Комментарий Прокла к «Тимею» — это удивительный памятник глупости и многословия Александрийской эпохи. Он занимает около тридцати страниц книги и в тридцать раз длиннее оригинала. Удивительно, что этот объемный труд нашел переводчика (Томаса Тейлора, родственную душу, который сам был неоплатоником, на манер не V или XVI, а XIX века н.э.). Комментарий имеет мало или никакой ценности, как с философской, так и с филологической точки зрения. Автор неспособен объяснить отдельные отрывки каким-либо точным образом, и он в равной степени неспособен охватить целое. Он не берет слова в их простом значении или предложения в их естественной связи. Он думает не о контексте у Платона, а о современных пифагорейских философах и их словесной борьбе. Он не находит в тексте ничего, чего бы он не привносил в него. Он полон Порфирия, Ямвлиха и Плотина, неправильно примененной логики, неправильно понятой грамматики и орфической теологии.

Хотя такая работа может мало или ничего не дать для понимания Платона, она проливает интересный свет на александрийские времена; она осознает, как философия, состоящая только из слов, может создать глубокий и широко распространенный энтузиазм, как формы логики и риторики могут узурпировать место разума и истины, как все философии становятся блеклыми и обесцвеченными, и латаются и составляются снова, подобно изношенной одежде, и сохраняют лишь подержанное существование.
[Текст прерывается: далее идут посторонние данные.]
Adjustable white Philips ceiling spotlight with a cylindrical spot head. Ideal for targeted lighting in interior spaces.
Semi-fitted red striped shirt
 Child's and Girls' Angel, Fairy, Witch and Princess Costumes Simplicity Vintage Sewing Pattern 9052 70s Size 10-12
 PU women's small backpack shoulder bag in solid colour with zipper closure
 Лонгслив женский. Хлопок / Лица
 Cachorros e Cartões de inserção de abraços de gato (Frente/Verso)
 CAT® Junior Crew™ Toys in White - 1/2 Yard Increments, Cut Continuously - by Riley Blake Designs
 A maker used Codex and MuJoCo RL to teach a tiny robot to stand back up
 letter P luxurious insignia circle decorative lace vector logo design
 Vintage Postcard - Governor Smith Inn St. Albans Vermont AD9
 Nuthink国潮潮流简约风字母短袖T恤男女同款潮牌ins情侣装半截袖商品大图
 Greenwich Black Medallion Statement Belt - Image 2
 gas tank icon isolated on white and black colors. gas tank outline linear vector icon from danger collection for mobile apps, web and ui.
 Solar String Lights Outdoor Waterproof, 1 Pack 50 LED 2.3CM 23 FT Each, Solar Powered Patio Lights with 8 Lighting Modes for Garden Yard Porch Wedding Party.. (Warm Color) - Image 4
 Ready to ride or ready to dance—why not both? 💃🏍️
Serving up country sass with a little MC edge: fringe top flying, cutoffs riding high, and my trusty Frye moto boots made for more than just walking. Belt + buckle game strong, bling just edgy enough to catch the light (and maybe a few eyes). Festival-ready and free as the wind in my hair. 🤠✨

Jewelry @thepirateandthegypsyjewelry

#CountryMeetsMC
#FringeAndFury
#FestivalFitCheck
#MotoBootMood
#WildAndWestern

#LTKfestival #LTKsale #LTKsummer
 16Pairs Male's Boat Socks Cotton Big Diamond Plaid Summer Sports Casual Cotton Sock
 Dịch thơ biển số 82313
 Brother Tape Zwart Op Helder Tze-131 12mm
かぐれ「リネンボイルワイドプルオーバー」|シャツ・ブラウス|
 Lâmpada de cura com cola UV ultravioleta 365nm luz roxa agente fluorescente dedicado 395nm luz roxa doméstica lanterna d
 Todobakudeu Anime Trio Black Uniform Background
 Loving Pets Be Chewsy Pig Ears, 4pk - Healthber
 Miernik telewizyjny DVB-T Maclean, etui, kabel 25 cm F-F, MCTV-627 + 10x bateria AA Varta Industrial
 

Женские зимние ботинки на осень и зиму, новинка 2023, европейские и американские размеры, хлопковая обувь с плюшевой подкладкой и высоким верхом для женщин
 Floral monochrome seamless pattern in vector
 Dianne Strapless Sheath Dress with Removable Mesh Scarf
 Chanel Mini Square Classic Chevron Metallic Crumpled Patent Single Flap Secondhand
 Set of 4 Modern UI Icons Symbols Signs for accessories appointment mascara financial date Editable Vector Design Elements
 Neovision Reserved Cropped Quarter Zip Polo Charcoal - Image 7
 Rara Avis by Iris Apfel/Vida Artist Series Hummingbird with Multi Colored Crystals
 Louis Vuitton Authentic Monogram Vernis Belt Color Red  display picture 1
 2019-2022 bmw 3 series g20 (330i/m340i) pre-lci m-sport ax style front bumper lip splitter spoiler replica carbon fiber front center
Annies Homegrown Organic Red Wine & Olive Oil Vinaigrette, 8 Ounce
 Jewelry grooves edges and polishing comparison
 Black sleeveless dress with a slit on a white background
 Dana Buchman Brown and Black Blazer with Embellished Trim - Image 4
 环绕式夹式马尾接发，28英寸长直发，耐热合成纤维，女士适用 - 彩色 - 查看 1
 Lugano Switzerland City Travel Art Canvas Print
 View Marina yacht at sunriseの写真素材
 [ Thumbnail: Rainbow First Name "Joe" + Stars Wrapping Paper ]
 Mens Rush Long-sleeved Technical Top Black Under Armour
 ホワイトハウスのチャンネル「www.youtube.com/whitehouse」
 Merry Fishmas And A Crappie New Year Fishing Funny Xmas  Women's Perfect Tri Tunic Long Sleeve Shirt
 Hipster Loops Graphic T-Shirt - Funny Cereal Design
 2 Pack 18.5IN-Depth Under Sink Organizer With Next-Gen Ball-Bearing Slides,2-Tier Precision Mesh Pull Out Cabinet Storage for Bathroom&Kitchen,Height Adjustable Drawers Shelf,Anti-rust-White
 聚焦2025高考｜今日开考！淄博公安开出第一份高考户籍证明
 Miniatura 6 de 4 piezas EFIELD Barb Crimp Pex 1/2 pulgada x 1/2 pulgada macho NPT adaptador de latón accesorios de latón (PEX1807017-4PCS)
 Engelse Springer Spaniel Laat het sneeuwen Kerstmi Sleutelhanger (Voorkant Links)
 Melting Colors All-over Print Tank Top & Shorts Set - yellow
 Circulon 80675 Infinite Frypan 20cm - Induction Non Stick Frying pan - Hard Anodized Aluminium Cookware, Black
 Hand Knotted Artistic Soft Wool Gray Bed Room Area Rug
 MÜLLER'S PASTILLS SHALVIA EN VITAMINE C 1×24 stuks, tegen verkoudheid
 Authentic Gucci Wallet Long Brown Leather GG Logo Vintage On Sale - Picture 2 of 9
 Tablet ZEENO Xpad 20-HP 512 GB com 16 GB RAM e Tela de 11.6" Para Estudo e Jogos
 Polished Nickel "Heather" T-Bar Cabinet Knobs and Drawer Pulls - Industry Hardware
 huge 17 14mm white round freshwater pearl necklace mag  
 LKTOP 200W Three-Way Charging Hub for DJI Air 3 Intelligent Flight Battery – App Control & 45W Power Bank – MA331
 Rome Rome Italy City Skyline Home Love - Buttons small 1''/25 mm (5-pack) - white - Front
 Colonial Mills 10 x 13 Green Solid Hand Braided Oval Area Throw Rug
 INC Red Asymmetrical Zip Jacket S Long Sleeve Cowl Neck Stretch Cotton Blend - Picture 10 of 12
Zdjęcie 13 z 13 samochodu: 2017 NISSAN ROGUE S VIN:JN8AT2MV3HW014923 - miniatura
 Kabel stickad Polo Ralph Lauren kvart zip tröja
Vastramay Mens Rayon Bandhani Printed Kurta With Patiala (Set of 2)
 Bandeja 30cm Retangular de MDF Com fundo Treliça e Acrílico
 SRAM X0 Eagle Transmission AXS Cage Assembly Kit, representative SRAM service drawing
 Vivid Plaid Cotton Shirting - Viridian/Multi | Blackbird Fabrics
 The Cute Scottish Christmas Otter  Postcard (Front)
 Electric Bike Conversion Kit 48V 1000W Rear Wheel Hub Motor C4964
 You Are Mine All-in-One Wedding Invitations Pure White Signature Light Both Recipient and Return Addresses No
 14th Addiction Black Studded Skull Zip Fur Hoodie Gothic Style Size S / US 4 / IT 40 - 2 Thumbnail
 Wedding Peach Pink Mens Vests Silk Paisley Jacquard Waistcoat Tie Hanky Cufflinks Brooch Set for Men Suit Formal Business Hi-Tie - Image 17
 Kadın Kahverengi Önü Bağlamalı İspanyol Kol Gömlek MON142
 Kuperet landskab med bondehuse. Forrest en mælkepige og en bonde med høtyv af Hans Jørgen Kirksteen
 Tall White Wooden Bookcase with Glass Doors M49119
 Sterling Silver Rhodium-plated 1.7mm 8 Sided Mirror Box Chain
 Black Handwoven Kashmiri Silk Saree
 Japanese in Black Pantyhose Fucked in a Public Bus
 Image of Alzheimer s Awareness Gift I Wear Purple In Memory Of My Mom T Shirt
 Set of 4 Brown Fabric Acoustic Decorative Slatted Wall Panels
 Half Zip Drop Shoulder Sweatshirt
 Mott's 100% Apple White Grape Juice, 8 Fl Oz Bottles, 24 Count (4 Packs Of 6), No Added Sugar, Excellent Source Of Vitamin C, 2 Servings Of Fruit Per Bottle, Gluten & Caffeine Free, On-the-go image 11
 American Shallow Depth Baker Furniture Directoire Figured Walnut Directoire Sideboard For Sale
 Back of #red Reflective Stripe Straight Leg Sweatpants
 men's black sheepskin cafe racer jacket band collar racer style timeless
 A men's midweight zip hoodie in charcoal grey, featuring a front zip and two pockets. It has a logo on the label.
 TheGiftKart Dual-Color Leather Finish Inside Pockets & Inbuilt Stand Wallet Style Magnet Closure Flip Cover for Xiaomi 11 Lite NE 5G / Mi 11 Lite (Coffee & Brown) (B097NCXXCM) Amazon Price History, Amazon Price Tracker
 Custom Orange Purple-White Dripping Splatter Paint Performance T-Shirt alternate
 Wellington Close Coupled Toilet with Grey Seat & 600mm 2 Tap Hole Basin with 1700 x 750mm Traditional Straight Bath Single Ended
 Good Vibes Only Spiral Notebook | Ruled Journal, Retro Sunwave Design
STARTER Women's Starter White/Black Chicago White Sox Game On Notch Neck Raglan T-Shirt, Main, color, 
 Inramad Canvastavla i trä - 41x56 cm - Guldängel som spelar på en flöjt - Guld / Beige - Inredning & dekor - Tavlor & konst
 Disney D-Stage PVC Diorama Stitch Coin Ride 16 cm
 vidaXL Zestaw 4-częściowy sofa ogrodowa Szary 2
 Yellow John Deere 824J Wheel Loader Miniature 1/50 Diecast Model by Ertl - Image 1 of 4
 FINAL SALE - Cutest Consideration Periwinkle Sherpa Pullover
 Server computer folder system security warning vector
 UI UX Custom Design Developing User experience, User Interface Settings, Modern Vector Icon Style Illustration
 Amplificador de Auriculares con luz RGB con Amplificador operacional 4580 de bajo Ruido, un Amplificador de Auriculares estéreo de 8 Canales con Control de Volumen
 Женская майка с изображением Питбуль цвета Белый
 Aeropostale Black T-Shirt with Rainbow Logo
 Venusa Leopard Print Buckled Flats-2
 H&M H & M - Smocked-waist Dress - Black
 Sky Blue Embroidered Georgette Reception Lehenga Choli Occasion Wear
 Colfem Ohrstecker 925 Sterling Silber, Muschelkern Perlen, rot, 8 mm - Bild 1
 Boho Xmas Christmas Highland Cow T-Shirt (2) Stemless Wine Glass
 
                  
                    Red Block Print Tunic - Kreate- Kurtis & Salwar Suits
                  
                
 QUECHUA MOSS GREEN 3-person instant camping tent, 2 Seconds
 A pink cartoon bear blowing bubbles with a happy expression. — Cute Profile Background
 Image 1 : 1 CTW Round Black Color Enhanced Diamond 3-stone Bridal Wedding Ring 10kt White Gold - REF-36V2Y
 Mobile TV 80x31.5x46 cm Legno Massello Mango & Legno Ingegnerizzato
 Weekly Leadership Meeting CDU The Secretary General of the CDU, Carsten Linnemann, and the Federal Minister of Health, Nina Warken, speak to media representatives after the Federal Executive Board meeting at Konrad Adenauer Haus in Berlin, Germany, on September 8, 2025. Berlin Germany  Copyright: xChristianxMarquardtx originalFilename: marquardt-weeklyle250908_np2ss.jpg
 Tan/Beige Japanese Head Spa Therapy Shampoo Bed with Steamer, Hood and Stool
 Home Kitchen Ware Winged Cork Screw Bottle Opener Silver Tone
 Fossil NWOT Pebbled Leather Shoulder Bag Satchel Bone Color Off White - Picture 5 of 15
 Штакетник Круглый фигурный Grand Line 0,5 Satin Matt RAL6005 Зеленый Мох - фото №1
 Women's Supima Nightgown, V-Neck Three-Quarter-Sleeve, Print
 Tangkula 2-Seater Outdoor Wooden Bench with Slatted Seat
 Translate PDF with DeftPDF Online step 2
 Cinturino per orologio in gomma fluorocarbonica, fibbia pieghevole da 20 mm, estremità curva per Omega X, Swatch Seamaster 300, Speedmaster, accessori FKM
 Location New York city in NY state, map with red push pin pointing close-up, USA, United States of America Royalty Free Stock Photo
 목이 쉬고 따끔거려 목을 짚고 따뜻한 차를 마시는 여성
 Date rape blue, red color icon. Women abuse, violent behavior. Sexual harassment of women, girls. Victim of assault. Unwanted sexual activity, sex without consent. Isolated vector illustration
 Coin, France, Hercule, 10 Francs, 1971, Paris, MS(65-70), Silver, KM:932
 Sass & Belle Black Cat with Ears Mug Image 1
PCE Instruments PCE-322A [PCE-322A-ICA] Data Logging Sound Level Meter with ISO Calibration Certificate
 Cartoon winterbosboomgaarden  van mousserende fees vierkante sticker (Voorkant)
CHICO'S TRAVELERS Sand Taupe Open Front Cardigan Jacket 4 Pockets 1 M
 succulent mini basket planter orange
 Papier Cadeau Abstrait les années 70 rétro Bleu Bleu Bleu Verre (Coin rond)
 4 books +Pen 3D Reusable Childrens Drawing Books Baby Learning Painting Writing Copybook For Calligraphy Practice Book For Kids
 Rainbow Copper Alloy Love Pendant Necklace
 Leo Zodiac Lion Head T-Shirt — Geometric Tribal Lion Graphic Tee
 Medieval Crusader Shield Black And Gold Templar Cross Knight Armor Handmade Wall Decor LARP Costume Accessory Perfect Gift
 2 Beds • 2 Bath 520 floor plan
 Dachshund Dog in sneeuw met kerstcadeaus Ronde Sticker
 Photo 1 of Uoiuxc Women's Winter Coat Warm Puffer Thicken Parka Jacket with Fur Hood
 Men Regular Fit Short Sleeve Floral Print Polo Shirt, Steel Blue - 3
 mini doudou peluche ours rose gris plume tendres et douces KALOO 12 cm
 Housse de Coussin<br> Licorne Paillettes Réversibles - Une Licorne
Тот, кто хотел бы изучить это вырождение философии и греческого ума в оригинале, не может сделать ничего лучше, чем посвятить несколько своих дней и ночей комментарию Прокла к «Тимею».

Совершенно иной подход должен быть применен к краткому сочинению под названием «Тимей Локрийский», представляющему собой сжатый, но ясный анализ платоновского «Тимея», в котором опущены вступление или диалог и сделано несколько небольших дополнений. В нем нет ссылок на оригинал, из которого оно взято; оно полностью свободно от мистицизма и неоплатонизма. По объему оно не превышает пятой части «Тимея». Оно написано на дорийском диалекте и содержит несколько слов, не встречающихся в классическом греческом языке. Никаких других указаний на время его создания, кроме этого неопределенного языкового признака, в нем не содержится. В ряде мест автор упростил язык Платона, в других — приукрасил и преувеличил его. В целом он сохраняет мысль оригинала, но не копирует слова. В целом этот небольшой трактат верно отражает смысл и дух «Тимея».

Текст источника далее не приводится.